Hi guys, Im getting a 30 gallon for Varro and i cant decide what fish to put him with, i want some that look really cool and wont bother him. He's not very agressive. Ive thought about neon tetras because i like how they glow. Any colorful fish that can go in??

Also, how would i feed them??


----------



## AaryonN (Aug 5, 2010)

can someone help?????


----------



## Adastra (Jun 18, 2010)

You can do the tetras, just make sure you get enough of them to fill out a proper school. At least 6, but the more the merrier--10-12 would be great. I keep a school of 10 celestial pearl danios and a school of 6 kuhli loaches with my plakat betta in my 29G. I haven't had any problems. I feed mine New Life Spectrum small fish pellets and HBH Veggie Flakes--I smash them up so they're too fine for the betta to be interested in at all.


----------



## kaythenewbie (Aug 23, 2010)

Neon tetras are good. Glowlight tetra are good too. Platies can work as well. Harliquen Rasboras are okay with a betta, but they are timid fish and can somewhat be stressed with a betta.

I've heard mixed things about danios, cherry barbs, and larger tetras. Sometimes they work, but lots of times these fish will fin nip a betta.

Bottom feeders like cories are good in a betta community tank too. Also otos are good and will keep your algae in check.

Avoid fish that are larger than a betta, fast swimmers (like barbs), and anything with long flowing fins (like guppies)
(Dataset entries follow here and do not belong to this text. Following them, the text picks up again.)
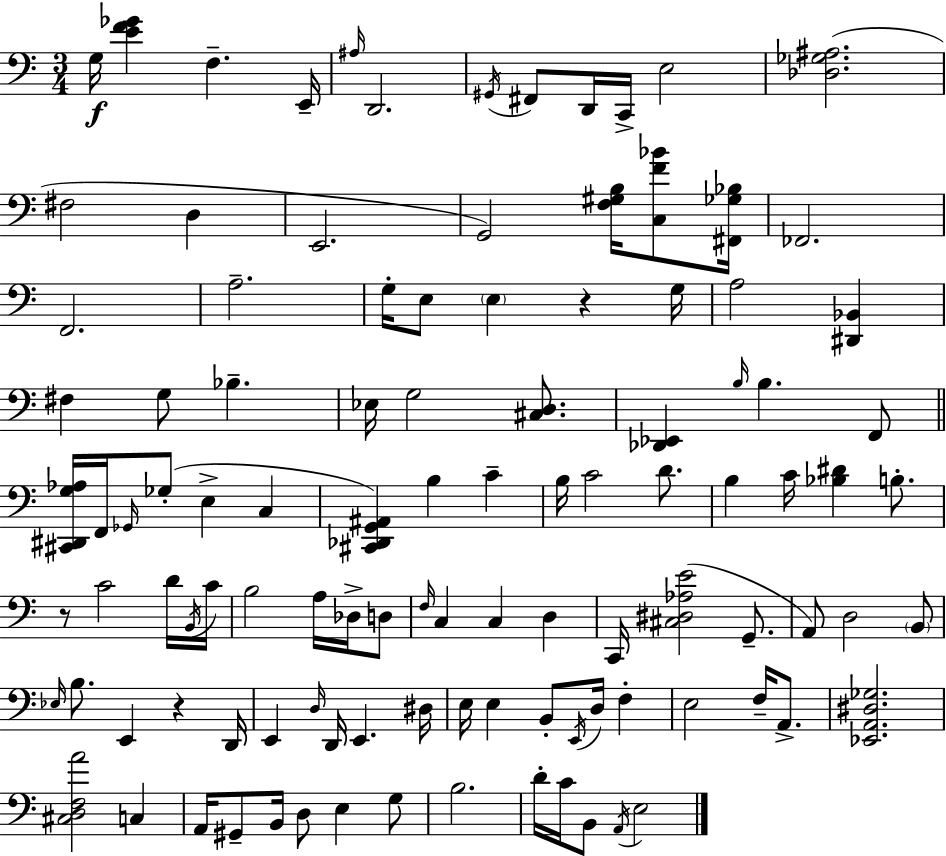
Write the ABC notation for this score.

X:1
T:Untitled
M:3/4
L:1/4
K:C
G,/4 [EF_G] F, E,,/4 ^A,/4 D,,2 ^G,,/4 ^F,,/2 D,,/4 C,,/4 E,2 [_D,_G,^A,]2 ^F,2 D, E,,2 G,,2 [F,^G,B,]/4 [C,F_B]/2 [^F,,_G,_B,]/4 _F,,2 F,,2 A,2 G,/4 E,/2 E, z G,/4 A,2 [^D,,_B,,] ^F, G,/2 _B, _E,/4 G,2 [^C,D,]/2 [_D,,_E,,] B,/4 B, F,,/2 [^C,,^D,,G,_A,]/4 F,,/4 _G,,/4 _G,/2 E, C, [^C,,_D,,G,,^A,,] B, C B,/4 C2 D/2 B, C/4 [_B,^D] B,/2 z/2 C2 D/4 B,,/4 C/4 B,2 A,/4 _D,/4 D,/2 F,/4 C, C, D, C,,/4 [^C,^D,_A,E]2 G,,/2 A,,/2 D,2 B,,/2 _E,/4 B,/2 E,, z D,,/4 E,, D,/4 D,,/4 E,, ^D,/4 E,/4 E, B,,/2 E,,/4 D,/4 F, E,2 F,/4 A,,/2 [_E,,A,,^D,_G,]2 [^C,D,F,A]2 C, A,,/4 ^G,,/2 B,,/4 D,/2 E, G,/2 B,2 D/4 C/4 B,,/2 A,,/4 E,2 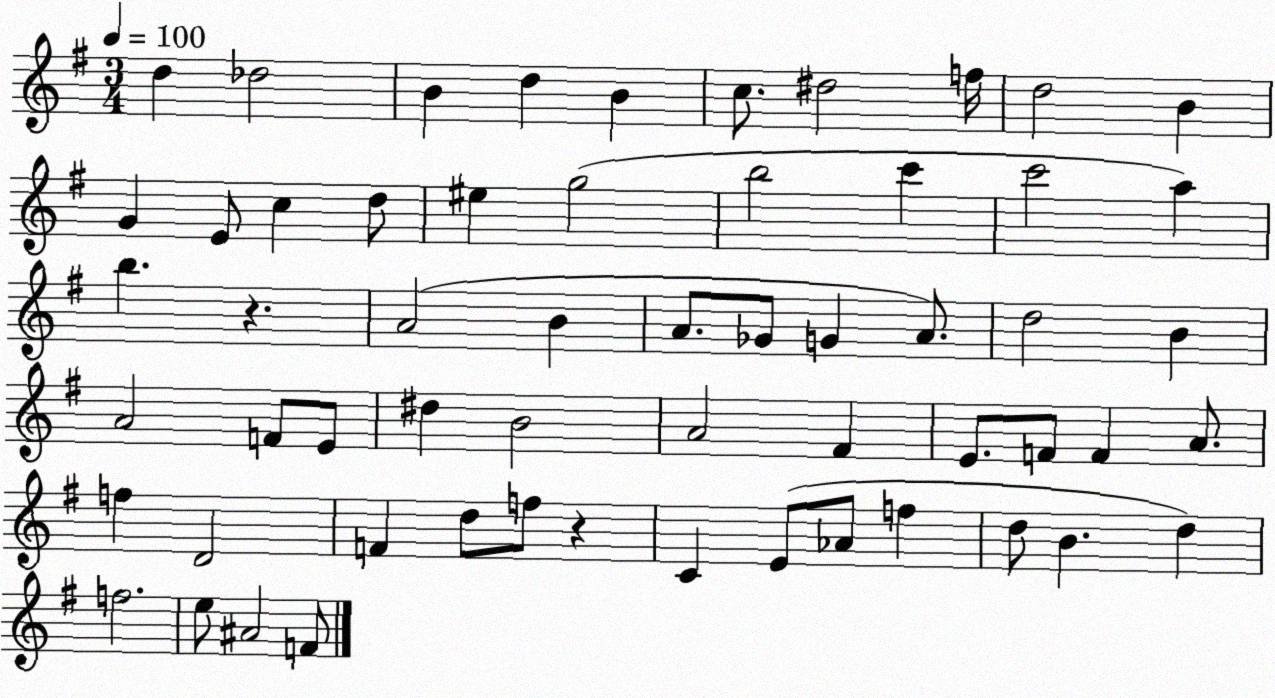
X:1
T:Untitled
M:3/4
L:1/4
K:G
d _d2 B d B c/2 ^d2 f/4 d2 B G E/2 c d/2 ^e g2 b2 c' c'2 a b z A2 B A/2 _G/2 G A/2 d2 B A2 F/2 E/2 ^d B2 A2 ^F E/2 F/2 F A/2 f D2 F d/2 f/2 z C E/2 _A/2 f d/2 B d f2 e/2 ^A2 F/2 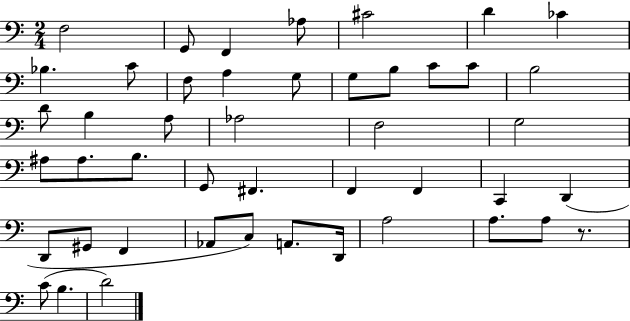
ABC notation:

X:1
T:Untitled
M:2/4
L:1/4
K:C
F,2 G,,/2 F,, _A,/2 ^C2 D _C _B, C/2 F,/2 A, G,/2 G,/2 B,/2 C/2 C/2 B,2 D/2 B, A,/2 _A,2 F,2 G,2 ^A,/2 ^A,/2 B,/2 G,,/2 ^F,, F,, F,, C,, D,, D,,/2 ^G,,/2 F,, _A,,/2 C,/2 A,,/2 D,,/4 A,2 A,/2 A,/2 z/2 C/2 B, D2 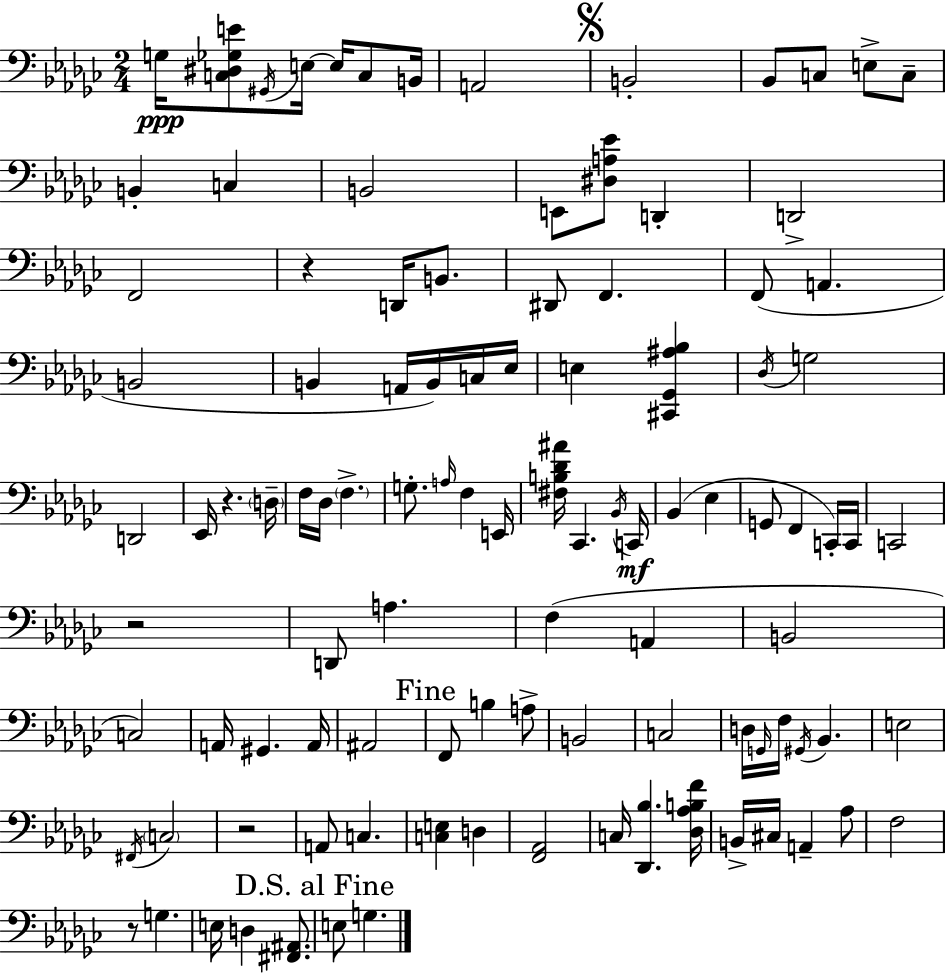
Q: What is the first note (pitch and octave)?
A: G3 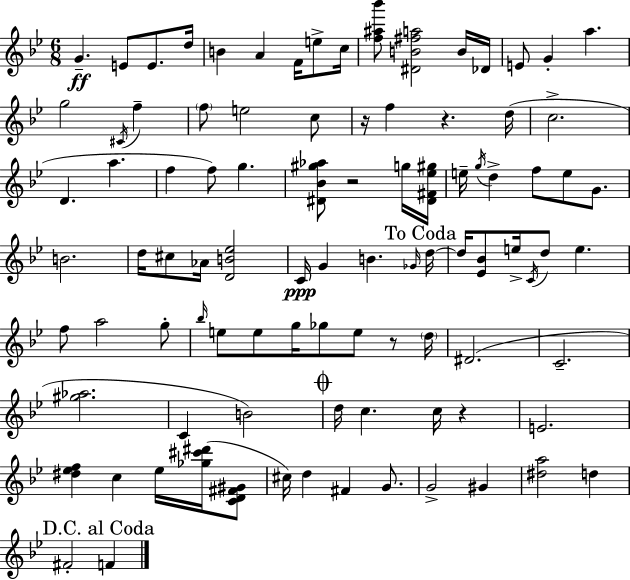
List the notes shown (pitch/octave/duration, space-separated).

G4/q. E4/e E4/e. D5/s B4/q A4/q F4/s E5/e C5/s [F5,A#5,Bb6]/e [D#4,B4,F#5,A5]/h B4/s Db4/s E4/e G4/q A5/q. G5/h C#4/s F5/q F5/e E5/h C5/e R/s F5/q R/q. D5/s C5/h. D4/q. A5/q. F5/q F5/e G5/q. [D#4,Bb4,G#5,Ab5]/e R/h G5/s [D#4,F#4,Eb5,G#5]/s E5/s G5/s D5/q F5/e E5/e G4/e. B4/h. D5/s C#5/e Ab4/s [D4,B4,Eb5]/h C4/s G4/q B4/q. Gb4/s D5/s D5/s [Eb4,Bb4]/e E5/s C4/s D5/e E5/q. F5/e A5/h G5/e Bb5/s E5/e E5/e G5/s Gb5/e E5/e R/e D5/s D#4/h. C4/h. [G#5,Ab5]/h. C4/q B4/h D5/s C5/q. C5/s R/q E4/h. [D#5,Eb5,F5]/q C5/q Eb5/s [Gb5,C#6,D#6]/s [C4,D4,F#4,G#4]/e C#5/s D5/q F#4/q G4/e. G4/h G#4/q [D#5,A5]/h D5/q F#4/h F4/q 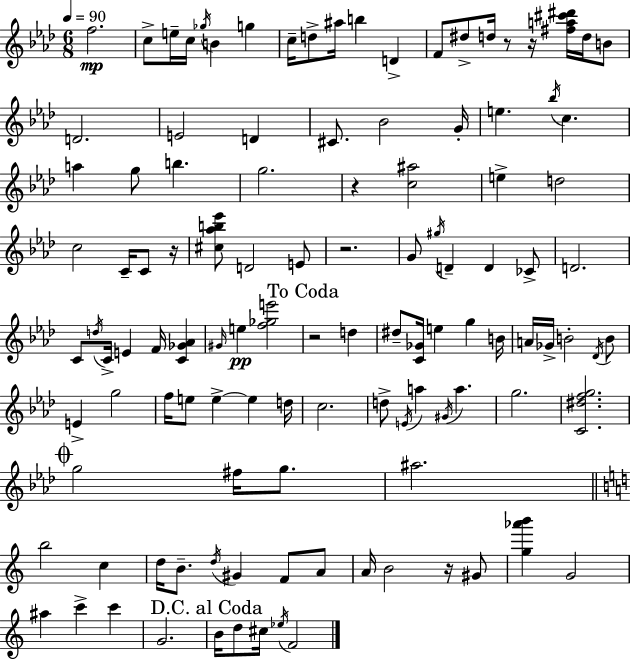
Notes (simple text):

F5/h. C5/e E5/s C5/s Gb5/s B4/q G5/q C5/s D5/e A#5/s B5/q D4/q F4/e D#5/e D5/s R/e R/s [F#5,A5,C#6,D#6]/s D5/s B4/e D4/h. E4/h D4/q C#4/e. Bb4/h G4/s E5/q. Bb5/s C5/q. A5/q G5/e B5/q. G5/h. R/q [C5,A#5]/h E5/q D5/h C5/h C4/s C4/e R/s [C#5,Ab5,B5,Eb6]/e D4/h E4/e R/h. G4/e G#5/s D4/q D4/q CES4/e D4/h. C4/e D5/s C4/s E4/q F4/s [C4,Gb4,Ab4]/q G#4/s E5/q [F5,Gb5,E6]/h R/h D5/q D#5/e [C4,Gb4]/s E5/q G5/q B4/s A4/s Gb4/s B4/h Db4/s B4/e E4/q G5/h F5/s E5/e E5/q E5/q D5/s C5/h. D5/e E4/s A5/q G#4/s A5/q. G5/h. [C4,D#5,F5,G5]/h. G5/h F#5/s G5/e. A#5/h. B5/h C5/q D5/s B4/e. D5/s G#4/q F4/e A4/e A4/s B4/h R/s G#4/e [G5,Ab6,B6]/q G4/h A#5/q C6/q C6/q G4/h. B4/s D5/e C#5/s Eb5/s F4/h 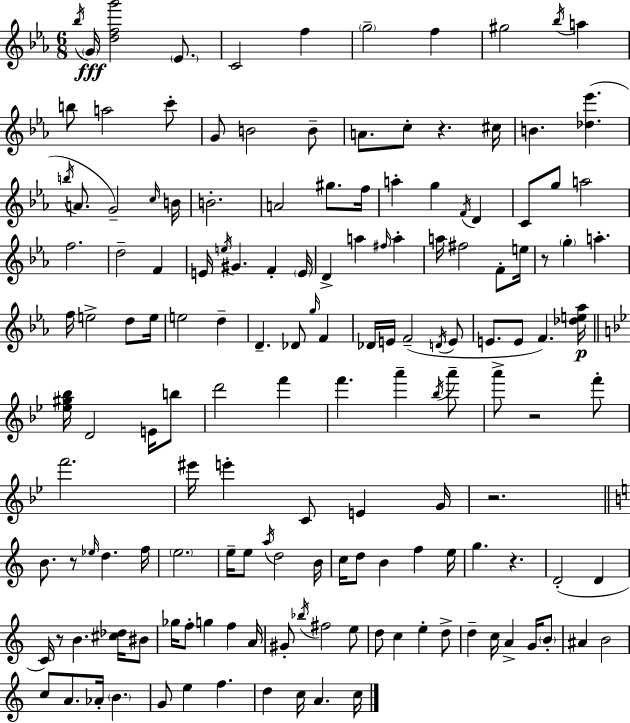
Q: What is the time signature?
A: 6/8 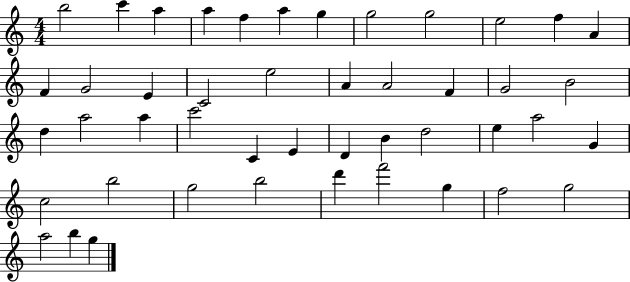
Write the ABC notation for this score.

X:1
T:Untitled
M:4/4
L:1/4
K:C
b2 c' a a f a g g2 g2 e2 f A F G2 E C2 e2 A A2 F G2 B2 d a2 a c'2 C E D B d2 e a2 G c2 b2 g2 b2 d' f'2 g f2 g2 a2 b g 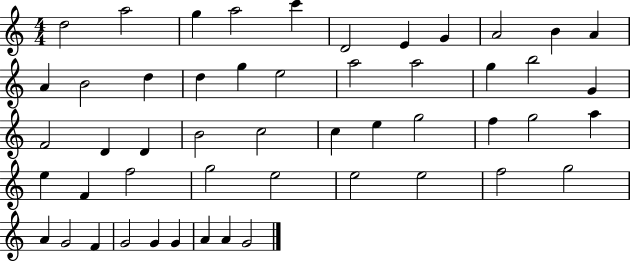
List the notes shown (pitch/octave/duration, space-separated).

D5/h A5/h G5/q A5/h C6/q D4/h E4/q G4/q A4/h B4/q A4/q A4/q B4/h D5/q D5/q G5/q E5/h A5/h A5/h G5/q B5/h G4/q F4/h D4/q D4/q B4/h C5/h C5/q E5/q G5/h F5/q G5/h A5/q E5/q F4/q F5/h G5/h E5/h E5/h E5/h F5/h G5/h A4/q G4/h F4/q G4/h G4/q G4/q A4/q A4/q G4/h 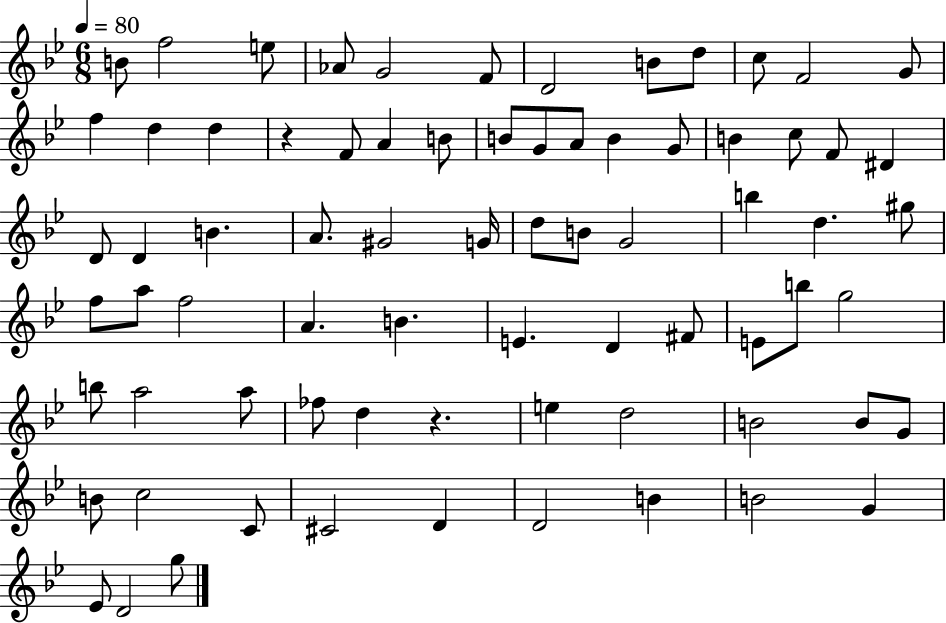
B4/e F5/h E5/e Ab4/e G4/h F4/e D4/h B4/e D5/e C5/e F4/h G4/e F5/q D5/q D5/q R/q F4/e A4/q B4/e B4/e G4/e A4/e B4/q G4/e B4/q C5/e F4/e D#4/q D4/e D4/q B4/q. A4/e. G#4/h G4/s D5/e B4/e G4/h B5/q D5/q. G#5/e F5/e A5/e F5/h A4/q. B4/q. E4/q. D4/q F#4/e E4/e B5/e G5/h B5/e A5/h A5/e FES5/e D5/q R/q. E5/q D5/h B4/h B4/e G4/e B4/e C5/h C4/e C#4/h D4/q D4/h B4/q B4/h G4/q Eb4/e D4/h G5/e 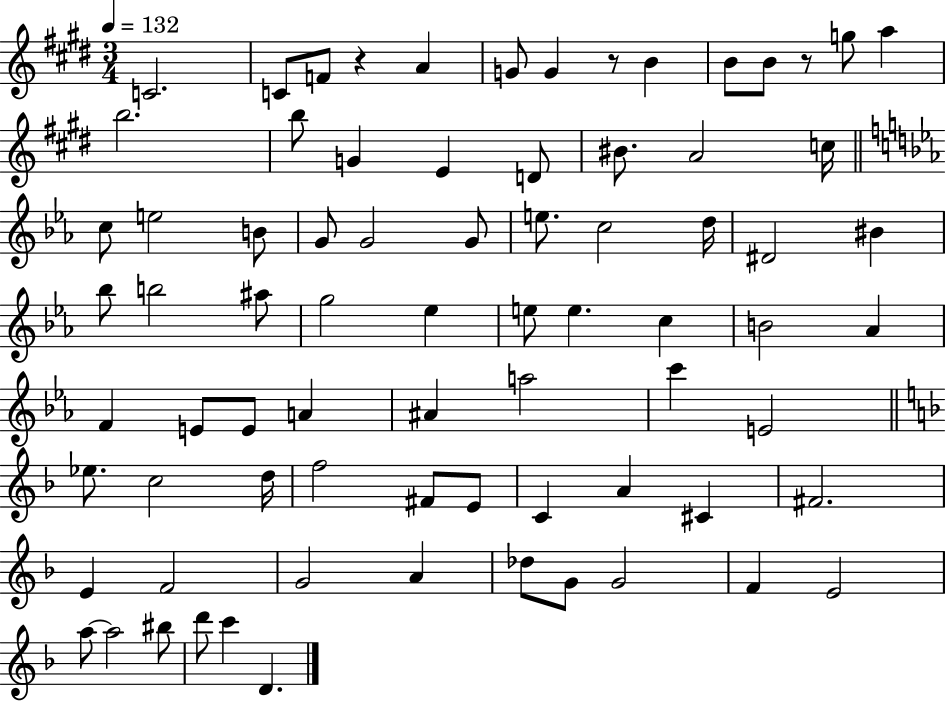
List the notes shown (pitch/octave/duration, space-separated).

C4/h. C4/e F4/e R/q A4/q G4/e G4/q R/e B4/q B4/e B4/e R/e G5/e A5/q B5/h. B5/e G4/q E4/q D4/e BIS4/e. A4/h C5/s C5/e E5/h B4/e G4/e G4/h G4/e E5/e. C5/h D5/s D#4/h BIS4/q Bb5/e B5/h A#5/e G5/h Eb5/q E5/e E5/q. C5/q B4/h Ab4/q F4/q E4/e E4/e A4/q A#4/q A5/h C6/q E4/h Eb5/e. C5/h D5/s F5/h F#4/e E4/e C4/q A4/q C#4/q F#4/h. E4/q F4/h G4/h A4/q Db5/e G4/e G4/h F4/q E4/h A5/e A5/h BIS5/e D6/e C6/q D4/q.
Hope this helps. Have a back up plan just in case. It's hard to predict how a betta will react to tankmates. I took my "very calm" betta, and put him in with my glowlight tetras. The tetras were great, the betta freaked out and chased all the other fish away. (Which my tetras seemed to think was extra fun, all they did was taunt him after that. . .) So it's hard to tell. Good luck!


----------